For example if "." is listed in the IGNORELASTCHAR variable, words
will be indexed as follows:
Word            Indexed as
z39.50          z39.50
z39.50.         z39.50

  There is to note that the char's that are listed in the IGNORELASTCHAR
variable need also to be listed in the ENDCHARS variable, otherwise
the word is discarded as invalid. The char's in the list are written
in sequence within the quotes with no separation between them.
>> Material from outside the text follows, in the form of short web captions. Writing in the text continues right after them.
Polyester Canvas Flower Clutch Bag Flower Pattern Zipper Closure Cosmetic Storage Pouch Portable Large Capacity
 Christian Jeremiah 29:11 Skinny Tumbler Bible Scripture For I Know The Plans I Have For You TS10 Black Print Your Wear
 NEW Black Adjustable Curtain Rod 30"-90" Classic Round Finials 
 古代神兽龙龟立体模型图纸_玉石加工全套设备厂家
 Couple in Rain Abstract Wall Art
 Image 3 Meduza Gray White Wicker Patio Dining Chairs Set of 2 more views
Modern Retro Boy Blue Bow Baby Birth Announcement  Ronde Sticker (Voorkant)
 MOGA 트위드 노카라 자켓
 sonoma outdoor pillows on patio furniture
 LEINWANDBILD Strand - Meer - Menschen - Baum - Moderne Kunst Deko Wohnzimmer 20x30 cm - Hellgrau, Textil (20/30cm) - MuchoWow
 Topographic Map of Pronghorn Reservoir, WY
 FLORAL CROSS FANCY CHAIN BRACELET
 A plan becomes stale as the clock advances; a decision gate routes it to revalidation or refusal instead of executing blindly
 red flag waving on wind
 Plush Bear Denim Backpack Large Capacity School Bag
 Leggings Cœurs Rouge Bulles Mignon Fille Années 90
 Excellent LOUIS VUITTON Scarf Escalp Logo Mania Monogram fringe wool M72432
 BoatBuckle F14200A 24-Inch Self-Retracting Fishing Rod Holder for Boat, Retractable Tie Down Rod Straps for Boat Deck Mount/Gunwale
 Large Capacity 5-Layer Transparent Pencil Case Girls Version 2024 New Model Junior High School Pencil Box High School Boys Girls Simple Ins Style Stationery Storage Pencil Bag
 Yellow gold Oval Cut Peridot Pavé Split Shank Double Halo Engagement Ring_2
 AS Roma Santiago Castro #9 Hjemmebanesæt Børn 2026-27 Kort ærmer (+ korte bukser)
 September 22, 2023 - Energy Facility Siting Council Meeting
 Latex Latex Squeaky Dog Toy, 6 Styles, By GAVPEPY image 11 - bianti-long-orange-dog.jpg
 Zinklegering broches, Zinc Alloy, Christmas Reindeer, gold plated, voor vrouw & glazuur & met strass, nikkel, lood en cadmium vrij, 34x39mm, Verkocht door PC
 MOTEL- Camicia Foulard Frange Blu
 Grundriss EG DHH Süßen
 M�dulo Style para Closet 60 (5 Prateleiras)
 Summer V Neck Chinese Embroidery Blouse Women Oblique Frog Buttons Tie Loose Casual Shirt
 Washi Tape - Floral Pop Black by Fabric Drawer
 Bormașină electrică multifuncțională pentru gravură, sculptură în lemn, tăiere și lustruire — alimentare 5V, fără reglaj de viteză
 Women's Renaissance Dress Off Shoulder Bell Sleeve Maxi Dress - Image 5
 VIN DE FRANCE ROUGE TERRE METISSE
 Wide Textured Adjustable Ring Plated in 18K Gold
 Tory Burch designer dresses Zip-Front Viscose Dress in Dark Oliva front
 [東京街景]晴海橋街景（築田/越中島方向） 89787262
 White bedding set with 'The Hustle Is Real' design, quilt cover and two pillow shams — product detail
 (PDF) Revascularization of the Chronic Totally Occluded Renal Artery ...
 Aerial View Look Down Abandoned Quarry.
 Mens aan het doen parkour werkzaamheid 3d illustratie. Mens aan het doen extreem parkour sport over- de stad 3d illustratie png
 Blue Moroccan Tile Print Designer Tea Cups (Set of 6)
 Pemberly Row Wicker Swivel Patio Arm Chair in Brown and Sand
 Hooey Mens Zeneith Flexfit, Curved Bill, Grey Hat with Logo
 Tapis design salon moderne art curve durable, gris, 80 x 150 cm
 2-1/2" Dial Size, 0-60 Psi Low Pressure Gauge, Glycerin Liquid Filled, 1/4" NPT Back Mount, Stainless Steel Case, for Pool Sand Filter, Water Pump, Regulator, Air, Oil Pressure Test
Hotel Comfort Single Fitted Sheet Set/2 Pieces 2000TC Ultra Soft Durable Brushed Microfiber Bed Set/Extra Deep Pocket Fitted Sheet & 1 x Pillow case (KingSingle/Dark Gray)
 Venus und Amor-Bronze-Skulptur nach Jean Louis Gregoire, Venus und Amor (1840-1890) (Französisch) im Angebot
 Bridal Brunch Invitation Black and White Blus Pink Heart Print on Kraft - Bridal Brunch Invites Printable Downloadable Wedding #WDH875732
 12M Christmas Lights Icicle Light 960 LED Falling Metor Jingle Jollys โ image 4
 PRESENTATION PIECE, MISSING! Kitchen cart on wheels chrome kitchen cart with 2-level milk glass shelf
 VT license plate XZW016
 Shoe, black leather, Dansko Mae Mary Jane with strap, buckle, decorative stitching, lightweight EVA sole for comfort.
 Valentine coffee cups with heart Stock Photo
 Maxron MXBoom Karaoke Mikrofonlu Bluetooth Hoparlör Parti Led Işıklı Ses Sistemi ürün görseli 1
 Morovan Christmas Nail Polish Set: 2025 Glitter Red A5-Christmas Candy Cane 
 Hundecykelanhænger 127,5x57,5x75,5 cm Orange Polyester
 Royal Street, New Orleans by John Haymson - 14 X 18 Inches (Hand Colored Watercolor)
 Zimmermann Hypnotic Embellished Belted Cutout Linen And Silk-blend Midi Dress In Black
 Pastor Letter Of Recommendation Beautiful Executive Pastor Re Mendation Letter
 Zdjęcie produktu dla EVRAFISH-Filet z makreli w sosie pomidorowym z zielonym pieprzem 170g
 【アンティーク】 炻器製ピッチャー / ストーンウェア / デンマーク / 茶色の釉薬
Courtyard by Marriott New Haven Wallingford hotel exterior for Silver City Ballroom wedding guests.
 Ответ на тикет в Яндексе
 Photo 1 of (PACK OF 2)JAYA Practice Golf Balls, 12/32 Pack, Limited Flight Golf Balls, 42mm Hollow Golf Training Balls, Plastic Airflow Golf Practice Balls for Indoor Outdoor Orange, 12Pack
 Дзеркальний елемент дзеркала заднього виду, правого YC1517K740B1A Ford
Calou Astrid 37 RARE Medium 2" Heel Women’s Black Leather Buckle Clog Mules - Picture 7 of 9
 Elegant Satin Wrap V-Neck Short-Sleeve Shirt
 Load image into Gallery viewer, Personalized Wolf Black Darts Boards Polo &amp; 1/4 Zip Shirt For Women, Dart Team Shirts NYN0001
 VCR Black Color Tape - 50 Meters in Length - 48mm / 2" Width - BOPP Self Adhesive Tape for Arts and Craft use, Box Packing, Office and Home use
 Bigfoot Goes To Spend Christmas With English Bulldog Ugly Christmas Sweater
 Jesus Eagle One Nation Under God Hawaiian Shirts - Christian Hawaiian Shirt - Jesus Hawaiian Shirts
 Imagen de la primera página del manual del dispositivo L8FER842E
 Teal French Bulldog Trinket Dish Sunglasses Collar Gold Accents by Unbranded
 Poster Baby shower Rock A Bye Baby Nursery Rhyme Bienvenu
- Common removed words printing
  This new swish version automatically prints out all the words that
are not indexed as too common according to the limits set in the PLIMIT 
and FLIMIT variables in the config.h file. 


- META data tag support
  It is now possible to search in META tags for names associated to a
particular metaName.

  There are two ways to associate a word to a metaName:

1) <META NAME="metaName" CONTENT="words"> the usual HTML tag used 
within <HEAD></HEAD>

2) <!--META START NAME="metaName" -->
    some text of any length
   <!--META END -->

In this way it is possible to mark pretty much any part of the text; please 
note, however, that the words associated to metaNames are not searchable 
in a plain search.

NOTE: Nested or overlapping META tags are not allowed and will lead to
unpredictable search results.

Step by Step indexing and search:
In the user configuration file a new variable containing the metaNames
that will be used in the files (see user config file example at the
end of this doc); after adding the list of metaNames values to the
file, indexing proceeds as usual:
%swish-e -c <config.file>

If during indexing a metaName specified in a file is not listed in the
config.file, the user has the choice of having SWISH-E either aborting the
indexing with an error, or issuing a warning stating the metaName not in
the config.file and the file that contains it and continuing the index
construction, in which case the words are not associated to any metaName.
To exercise this choice, set the variable OKNOMETA in the conifig.h file
(see config.h file example at the end). 

Meta names are case insensitive, so they can be written with any
combination of upper and lower cases.

The search query has a slightly different syntax and is of the kind:
%swish-e -w "metaName = word" -f <index.file>

The equal sign indicates the presence of a metaName and the search
results are all the file where the META tag with NAME="metaName" has
CONTENT="word" (or where "word" is contained in the area marked by the
<!--META START...> and <!--META END..> tags).  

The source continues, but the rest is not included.